_Action item_. Among the records below, count the lines where "this" occurs, and report that total alone.

Record extracts Start Marker

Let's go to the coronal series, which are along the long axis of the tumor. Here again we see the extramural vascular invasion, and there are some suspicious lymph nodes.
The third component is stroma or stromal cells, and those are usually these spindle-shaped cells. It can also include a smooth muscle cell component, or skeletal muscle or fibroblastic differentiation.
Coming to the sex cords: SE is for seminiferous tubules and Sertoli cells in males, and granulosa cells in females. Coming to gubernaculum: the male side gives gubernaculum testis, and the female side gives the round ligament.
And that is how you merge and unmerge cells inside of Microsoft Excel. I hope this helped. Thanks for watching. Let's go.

Record extracts End Marker
Record extracts Start Marker

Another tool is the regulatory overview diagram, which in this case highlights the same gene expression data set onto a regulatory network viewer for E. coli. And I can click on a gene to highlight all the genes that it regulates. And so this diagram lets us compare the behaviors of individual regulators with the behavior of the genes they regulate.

Record extracts End Marker

_Solution_. 2